Dans un communiqué transmis à plusieurs rédactions, la présidence dénonce une « tentative de manipulation grossière, visant à nourrir un climat de haine et de déstabilisation politique ». L’Élysée accuse même Debout la France d’alimenter sciemment des rumeurs conspirationnistes et de participer à « la confusion informationnelle orchestrée par certains groupuscules d’extrême droite ».
Une stratégie numérique bien rodée
Ce n’est pas la première fois que des rumeurs visant à discréditer la personne d’Emmanuel Macron surgissent des tréfonds des réseaux sociaux. Depuis le mouvement des Gilets jaunes, le président est régulièrement la cible de montages vidéo, détournements de propos ou insinuations personnelles diffusées via X, Telegram ou certains groupes Facebook radicaux. Cette fois encore, la mécanique semble bien huilée : vidéo sortie de son contexte, diffusion massive via des comptes relais, puis récupération par certains élus souverainistes pour en faire un sujet politique.
Du côté des oppositions républicaines, cette campagne de dénigrement suscite gêne et prudence. Si Debout la France a maintenu sa publication sans l’effacer, aucun responsable des Républicains ou du Rassemblement national n’a repris officiellement l’accusation, laissant la polémique se cantonner aux marges les plus radicales du spectre politique.
Un climat politique propice aux rumeurs
Cette affaire s’inscrit dans un contexte où le climat politique français semble plus que jamais friable et sous tension, alimenté par un climat de suspicion généralisée, des réseaux sociaux devenus chambre d’écho des fantasmes les plus absurdes, et une défiance accrue envers les institutions.

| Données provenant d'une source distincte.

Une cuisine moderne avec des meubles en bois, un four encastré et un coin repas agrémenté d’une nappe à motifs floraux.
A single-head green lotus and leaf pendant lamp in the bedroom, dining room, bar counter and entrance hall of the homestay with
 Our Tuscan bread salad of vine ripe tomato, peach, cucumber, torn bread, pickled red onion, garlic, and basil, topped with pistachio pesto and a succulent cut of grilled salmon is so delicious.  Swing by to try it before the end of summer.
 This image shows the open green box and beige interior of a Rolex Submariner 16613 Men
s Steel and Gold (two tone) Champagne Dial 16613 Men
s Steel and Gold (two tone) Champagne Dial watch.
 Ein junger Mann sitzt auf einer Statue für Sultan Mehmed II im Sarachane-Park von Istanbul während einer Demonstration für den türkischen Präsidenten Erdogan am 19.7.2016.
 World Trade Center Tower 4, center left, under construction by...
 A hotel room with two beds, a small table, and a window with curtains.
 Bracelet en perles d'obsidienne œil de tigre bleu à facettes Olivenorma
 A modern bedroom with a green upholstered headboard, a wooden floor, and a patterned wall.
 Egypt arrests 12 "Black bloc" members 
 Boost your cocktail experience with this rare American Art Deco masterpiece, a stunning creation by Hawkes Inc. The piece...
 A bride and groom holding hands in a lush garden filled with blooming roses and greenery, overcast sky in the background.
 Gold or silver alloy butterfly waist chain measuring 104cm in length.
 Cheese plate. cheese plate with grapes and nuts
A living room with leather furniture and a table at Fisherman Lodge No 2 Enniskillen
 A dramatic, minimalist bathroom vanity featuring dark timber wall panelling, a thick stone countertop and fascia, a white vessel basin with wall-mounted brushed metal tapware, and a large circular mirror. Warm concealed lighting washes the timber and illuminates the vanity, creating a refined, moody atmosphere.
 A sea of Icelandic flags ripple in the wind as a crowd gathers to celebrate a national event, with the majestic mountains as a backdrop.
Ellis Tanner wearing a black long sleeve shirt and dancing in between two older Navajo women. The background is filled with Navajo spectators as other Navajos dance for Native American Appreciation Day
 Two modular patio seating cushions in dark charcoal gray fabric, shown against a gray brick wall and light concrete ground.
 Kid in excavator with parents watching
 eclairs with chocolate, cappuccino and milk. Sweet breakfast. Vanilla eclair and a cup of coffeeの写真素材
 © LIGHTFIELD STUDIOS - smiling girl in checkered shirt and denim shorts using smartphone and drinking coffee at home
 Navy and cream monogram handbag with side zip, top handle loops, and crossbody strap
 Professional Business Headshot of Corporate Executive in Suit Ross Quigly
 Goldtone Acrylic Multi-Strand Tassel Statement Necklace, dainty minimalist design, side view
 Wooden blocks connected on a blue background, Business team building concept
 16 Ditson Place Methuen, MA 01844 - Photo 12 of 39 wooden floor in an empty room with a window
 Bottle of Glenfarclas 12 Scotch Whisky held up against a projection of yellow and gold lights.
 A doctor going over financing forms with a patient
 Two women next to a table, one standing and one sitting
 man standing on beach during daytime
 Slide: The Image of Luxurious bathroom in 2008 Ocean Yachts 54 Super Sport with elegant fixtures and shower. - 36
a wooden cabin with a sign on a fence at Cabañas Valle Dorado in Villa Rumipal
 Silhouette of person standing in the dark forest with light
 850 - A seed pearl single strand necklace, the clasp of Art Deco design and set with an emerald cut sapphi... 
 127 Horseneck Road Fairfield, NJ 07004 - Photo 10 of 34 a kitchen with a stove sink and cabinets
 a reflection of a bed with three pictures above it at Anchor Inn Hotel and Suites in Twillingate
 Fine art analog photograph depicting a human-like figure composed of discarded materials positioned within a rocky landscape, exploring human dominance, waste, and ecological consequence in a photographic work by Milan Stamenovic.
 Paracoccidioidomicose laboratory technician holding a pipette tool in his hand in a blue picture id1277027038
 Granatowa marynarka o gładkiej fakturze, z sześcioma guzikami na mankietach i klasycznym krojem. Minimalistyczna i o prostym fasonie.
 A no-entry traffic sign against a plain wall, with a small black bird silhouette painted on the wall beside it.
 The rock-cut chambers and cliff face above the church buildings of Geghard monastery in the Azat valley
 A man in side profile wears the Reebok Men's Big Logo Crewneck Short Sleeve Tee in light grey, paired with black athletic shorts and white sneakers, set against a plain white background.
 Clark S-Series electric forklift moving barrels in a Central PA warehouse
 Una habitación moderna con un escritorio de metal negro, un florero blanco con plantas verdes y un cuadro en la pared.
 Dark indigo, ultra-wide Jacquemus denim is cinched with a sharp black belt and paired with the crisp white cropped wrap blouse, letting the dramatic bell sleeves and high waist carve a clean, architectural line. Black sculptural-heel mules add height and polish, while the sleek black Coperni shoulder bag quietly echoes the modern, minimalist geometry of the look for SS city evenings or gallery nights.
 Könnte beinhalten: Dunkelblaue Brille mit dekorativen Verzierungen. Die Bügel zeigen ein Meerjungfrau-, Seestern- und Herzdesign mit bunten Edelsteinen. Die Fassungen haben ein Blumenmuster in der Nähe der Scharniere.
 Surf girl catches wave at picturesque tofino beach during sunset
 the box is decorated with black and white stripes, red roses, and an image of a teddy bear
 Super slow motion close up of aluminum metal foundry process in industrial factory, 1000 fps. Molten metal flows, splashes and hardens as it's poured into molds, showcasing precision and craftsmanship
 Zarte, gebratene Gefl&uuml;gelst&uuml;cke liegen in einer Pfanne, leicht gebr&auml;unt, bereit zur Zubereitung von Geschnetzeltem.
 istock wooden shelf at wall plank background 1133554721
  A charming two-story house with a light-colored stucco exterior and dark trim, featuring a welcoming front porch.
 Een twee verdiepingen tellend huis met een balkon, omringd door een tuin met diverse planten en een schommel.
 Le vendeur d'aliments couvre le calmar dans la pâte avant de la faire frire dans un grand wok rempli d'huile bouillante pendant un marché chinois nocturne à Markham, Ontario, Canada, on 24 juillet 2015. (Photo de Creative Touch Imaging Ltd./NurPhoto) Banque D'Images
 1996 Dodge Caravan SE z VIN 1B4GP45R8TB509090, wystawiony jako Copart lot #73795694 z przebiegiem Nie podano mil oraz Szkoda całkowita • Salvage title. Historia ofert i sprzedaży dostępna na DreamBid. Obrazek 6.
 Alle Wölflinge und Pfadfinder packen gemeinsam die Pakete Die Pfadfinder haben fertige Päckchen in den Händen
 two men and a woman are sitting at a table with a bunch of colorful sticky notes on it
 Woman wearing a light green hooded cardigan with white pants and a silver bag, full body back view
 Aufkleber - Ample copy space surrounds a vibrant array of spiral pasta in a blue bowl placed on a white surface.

L’Élysée, conscient de ces dynamiques, tente désormais de réagir rapidement pour éviter l’installation durable de telles rumeurs dans l’imaginaire collectif, à un an des élections européennes. « Nous devons rester vigilants. Ces manipulations ont un objectif : fracturer encore un peu plus notre démocratie », avertit un proche conseiller du président.